Henry Ruggs III has been a draft darling of Eagles fans for a few months now. Ruggs’ appeal is obvious: He has sub 4.3 speed and the Eagles seemingly need speed on offense more than anything else. Despite Ruggs only catching 40 passes in 2019 (the lowest figure among top receivers), he converted 17.5% of catches into touchdowns. That rate is higher than Jerry Jeudy and Justin Jefferson. They’re both higher volume receivers, so the efficiency disparity makes sense. However, compared to other “home run” types like Jalen Reagor and KJ Hamler who have low catch numbers; Ruggs still converted catches to touchdowns at a higher rate and had a significantly higher yards per catch rate. So while the worries about Ruggs’ low volume production at ‘Bama are valid, there is no doubt he maximized his touches in a very talented offense.

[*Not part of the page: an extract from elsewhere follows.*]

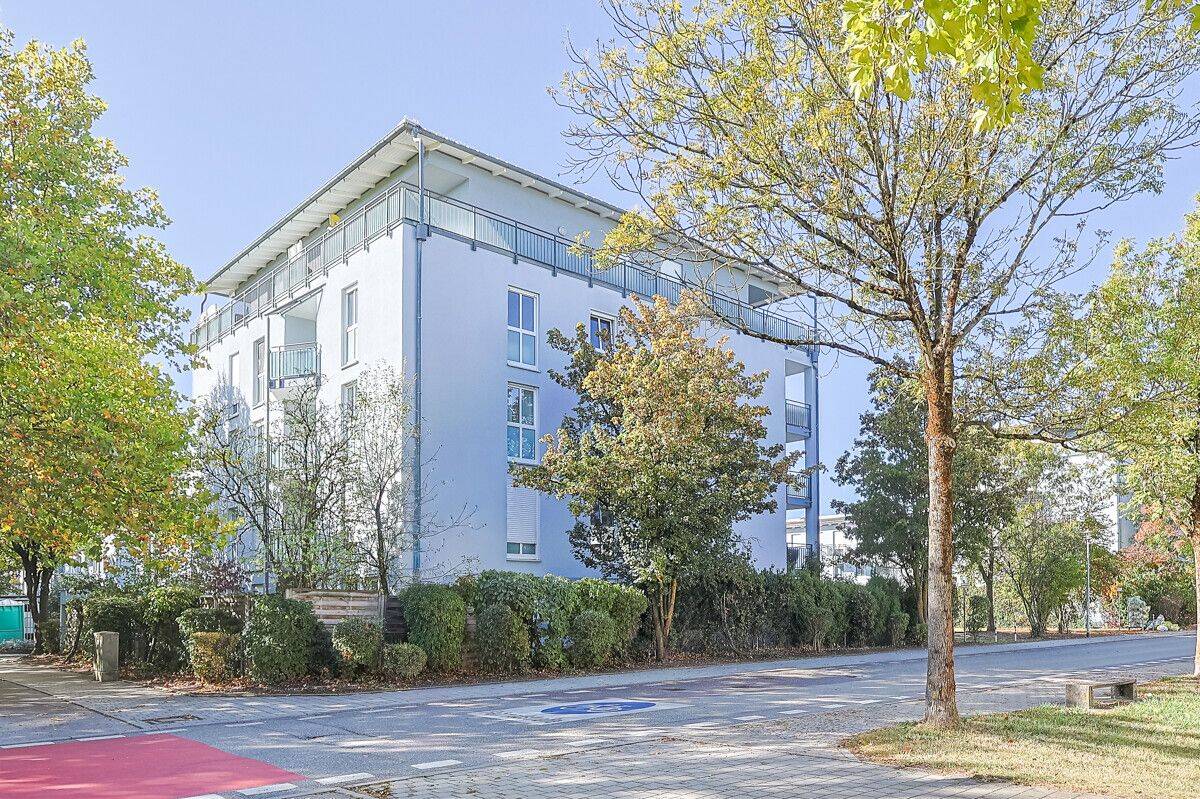 Ankommen und wohlfühlen: Charmante 2-Zimmer-Wohnung mit sonnigem Morgenbalkon und Tiefgarage, 85049 Ingolstadt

Ruggs’ speed makes people think of him as a deep threat, but that is a misconception. While Ruggs made an impact downfield at Bama, his real strength was turning short and intermediate passes into long gains and touchdowns. His instantaneous acceleration and uncanny ability to turn upfield after receptions makes him a touchdown threat from anywhere on the field. Ruggs’ weaknesses pertain mostly to his lack of downfield ball tracking skills and his size, which disadvantages him in contested situations. So his NFL transition will be about getting him the ball in the short passing game to get him going and making sure he still gets targets downfield to help develop that aspect of his game.
The competitive advantage of having Ruggs in the lineup is that he doesn’t need to be an effective downfield to spread a defense vertically. His YAC ability and the chance he catches a ball 20 yards deep means safeties will need to line up deeper and teams will general gameplan on preventing Ruggs from getting out in space. So he has an “off-ball” impact that could immediately help the Eagles. Ruggs makes a lot of sense for what the Eagles need and despite him needing to grow in key areas as a pro, he will quickly help the Eagles stretch a field on offense. He has proven he doesn’t need to see a lot of targets to be dangerous and similar to Desean Jackson in his prime, his mere presence on the field will help open up the field for Dallas Goedert, Zach Ertz and Miles Sanders.